En dehors de ses décors hallucinants, le cartoon vaut également pour sa
galerie d'hommages et d'inspirations. Les ambiances des précédents dessins
animés Disney sont ainsi à l'honneur tel le passage des squelettes, joli double
clin d'œil à
La Danse Macabre, le premier
des Silly Symphonies sorti en 1929,
et The Haunted House, un ancien Mickey
Mouse de 1929. Il livre aussi une superbe caricature des films d'horreur des
années 20, tous tournés alors en noir et blanc ; Disney raillant pour l'occasion
ses confrères. L'entrée du château du savant fou revêt par exemple une plaque
avec le nom du scientifique Dr. XXX, moquant ainsi le Doctor X, un film
sorti en 1932 et réalisé par Michael Curtiz pour le compte de la Warner. De
même, la scène où Mickey est attaché sur un lit d'hôpital, prêt à se faire
charcuter, est clairement inspirée de celle d'un film de monstres les plus
emblématiques d'Universal : Frankenstein, réalisé par James Whale en
1931.

Non content de livrer une caricature jouissive du cinéma d'épouvante, The
Mad Doctor brille également par sa technique. De nombreux effets sont, il
est vrai, saisissants, en particulier lorsque Mickey avance dans le couloir.
L'animation de la séquence est tellement parfaite qu'elle donne, en effet,
l'impression fugace d'une 3-D. La prouesse ne s'arrête d'ailleurs pas là tant
les bonnes idées pullulent tout au long du récit : l'horloge dont le coucou est
un squelette ou l'araignée faite d'os scotchent par exemple les spectateurs sur
leur siège ! Et que dire de la scène où le savant fou découpe l'ombre de Pluto
si ce n'est qu'elle est bluffante d'ingéniosité à faire peur.

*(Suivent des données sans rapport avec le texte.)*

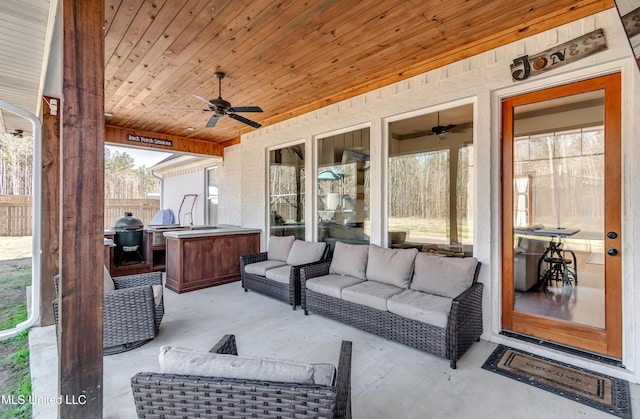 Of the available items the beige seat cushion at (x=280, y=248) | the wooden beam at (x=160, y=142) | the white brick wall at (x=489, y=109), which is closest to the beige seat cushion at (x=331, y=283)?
the white brick wall at (x=489, y=109)

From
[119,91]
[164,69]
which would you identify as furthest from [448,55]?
[119,91]

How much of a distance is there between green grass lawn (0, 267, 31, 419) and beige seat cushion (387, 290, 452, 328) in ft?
9.32

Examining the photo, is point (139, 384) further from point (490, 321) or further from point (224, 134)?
point (224, 134)

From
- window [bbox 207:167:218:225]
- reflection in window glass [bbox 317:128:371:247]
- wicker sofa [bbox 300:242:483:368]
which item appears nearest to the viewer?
wicker sofa [bbox 300:242:483:368]

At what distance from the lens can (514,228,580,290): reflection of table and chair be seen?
2.80m

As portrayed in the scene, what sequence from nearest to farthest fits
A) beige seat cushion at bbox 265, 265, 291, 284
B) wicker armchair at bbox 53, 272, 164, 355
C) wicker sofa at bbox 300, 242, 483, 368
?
wicker sofa at bbox 300, 242, 483, 368 < wicker armchair at bbox 53, 272, 164, 355 < beige seat cushion at bbox 265, 265, 291, 284

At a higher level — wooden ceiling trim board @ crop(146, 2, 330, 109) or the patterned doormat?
wooden ceiling trim board @ crop(146, 2, 330, 109)

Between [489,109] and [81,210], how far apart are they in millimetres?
3534

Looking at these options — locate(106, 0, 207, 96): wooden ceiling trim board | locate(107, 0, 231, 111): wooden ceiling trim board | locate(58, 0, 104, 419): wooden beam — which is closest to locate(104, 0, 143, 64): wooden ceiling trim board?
locate(106, 0, 207, 96): wooden ceiling trim board

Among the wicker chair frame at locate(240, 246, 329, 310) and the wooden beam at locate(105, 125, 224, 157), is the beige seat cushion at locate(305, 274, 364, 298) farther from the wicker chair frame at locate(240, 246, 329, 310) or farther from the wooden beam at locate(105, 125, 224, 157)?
the wooden beam at locate(105, 125, 224, 157)

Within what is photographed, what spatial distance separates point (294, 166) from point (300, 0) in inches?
127

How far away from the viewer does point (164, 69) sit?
3600 millimetres

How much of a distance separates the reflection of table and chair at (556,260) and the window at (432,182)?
2.15 feet

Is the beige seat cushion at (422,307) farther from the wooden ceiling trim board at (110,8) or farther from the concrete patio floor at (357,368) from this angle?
the wooden ceiling trim board at (110,8)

Mickey et Pluto, qui ne risquent pas moins que leur vie, sont sauvés in
extrémis par la révélation finale que tout cela n'était qu'un rêve. L'astuce est
certes facile mais salutaire : sans elle, le méchant parvenait, en effet, à ses
fins ! En outre, cartoon oblige, elle permet de faire retomber la tension du
spectateur même s'il conserve tout de même un certaine gène en arrière pensée.

Petite perle du cinéma d'animation, The Mad Doctor est un cartoon
typique de la période des années noir et blanc de Mickey : inventif et
irrévérencieux. La petite souris y vit des aventures extraordinaires sans être
cloisonnée dans le rôle d'ambassadeur bien pensant qu'elle deviendra par la
suite.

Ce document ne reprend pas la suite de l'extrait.